Der Stresstest ist keine echte Prüfung für Extremsituationen, sondern eine technische Bewertung auf der Grundlage von Studien, Berechnungen und Bewertungen von Ingenieuren (engineering judgement). So wird beispielsweise die Erdbebensicherheit einer Anlage von hierfür speziell ausgebildeten Fachleuten geprüft. Sie besuchen die betreffende Anlage und geben eine Einschätzung der Erdbebensicherheit der verschiedenen Einrichtungen ab.
Ziel des Stresstests ist es, mögliche Verbesserungen zu identifizieren, damit geeignete Maßnahmen ergriffen werden können. Wenn sich herausstellt, dass notwendige Verbesserungen nicht möglich sind, können die betroffenen Anlagen still gelegt werden.
Die Nuklearsicherheitsbehörden FANK und Bel V haben die Aufgabe, den von den Betreibern durchzuführenden Stresstest zu bewerten (review). In Bezug auf Kernkraftwerke wird die Bewertung der FANK wiederum von einer Gruppe europäischer Experten geprüft (Peer Review).
Welchen Umfang haben Stresstests?
Anlagen
Obgleich auf europäischer Ebene nur verlangt wurde, die Kernkraftwerke einem Stresstest zu unterziehen, wurden die belgischen Stresstests auf alle noch in Betrieb befindlichen kerntechnischen Anlagen der Klasse I ausgeweitet. In Stilllegung befindliche Anlagen sind somit von diesen Stresstests nicht betroffen.
In Belgien betreffen Stresstests daher:
- bei Kernkraftwerken: die Blöcke 1, 2, 3 und 4 der Kernkraftwerke von Doel sowie die Blöcke 1, 2 und 3 der Kernkraftwerke von Tihange;
- bei anderen in Betrieb befindlichen kerntechnischen Anlagen der Klasse I: Belgoprocess und FBFC (Franco-Belge de Fabrication du Combustible) in Dessel, das IRE (Institut für Radioelemente) in Fleurus, die Gemeinsame Forschungsstelle der Europäischen Kommission (ehemals bezeichnet als Institut für Referenzmaterialien und -messungen, IRMM) in Geel, das Kernforschungszentrum in Mol, sowie andere Anlagen auf dem Gelände von Kernkraftwerken, die bisher nicht dem den Kernkraftwerken vorbehaltenen Stresstest unterzogen wurden. Dazu gehören vor allem die Anlagen für die Lagerung und Behandlung radioaktiver Abfälle am Standort und insbesondere das Gebäude zur Behandlung von flüssigen Ableitungen und Abfällen (WAB) auf dem Gelände der Kernkraftwerke Doel.
Technischer Umfang
Die Spezifikationen für die Durchführung dieser Stresstests wurden auf europäischer Ebene von ENSREG (European Nuclear Safety Regulators‘ Group) vorgeschlagen.
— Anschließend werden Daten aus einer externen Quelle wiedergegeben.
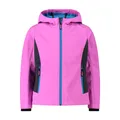 Produktbild: CMP KID G Jacket FIX Hood purple fluo-titanio (00HM) 152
Die FANK hat für belgische Kernkraftwerksbetreiber Spezifikationen festgelegt, die über die europäischen Spezifikationen hinausgehen. Die Agentur hat ihre vorläufige Version der Spezifikationen am 17. Mai 2011 an ENGIE Electrabel übermittelt.
Vor allem auf der Grundlage der Spezifikationen der Stresstests für die Kraftwerke hat die FANK eine neue Spezifikation für den Stresstest erstellt, dem sich die anderen noch in Betrieb befindlichen Einrichtungen der Klasse I unterziehen müssen. Sowohl der Umfang als auch der Zeitplan dieses Stresstests wurden angepasst. Diese Spezifikationen wurden den betroffenen Betreibern Anfang Juli 2011 mitgeteilt.
Zusätzlich zu den Erdbeben- und Hochwasserrisiken (durch die Spezifikationen der ENSREG vorgeschriebene Untersuchung) haben die belgischen Betreiber kerntechnischer Anlagen auch andere extreme Naturereignisse (wie Stürme, Starkregen oder Waldbrände) sowie Terroranschläge und andere durch den Menschen verursachte Ereignisse (zum Beispiel Computerviren) untersucht.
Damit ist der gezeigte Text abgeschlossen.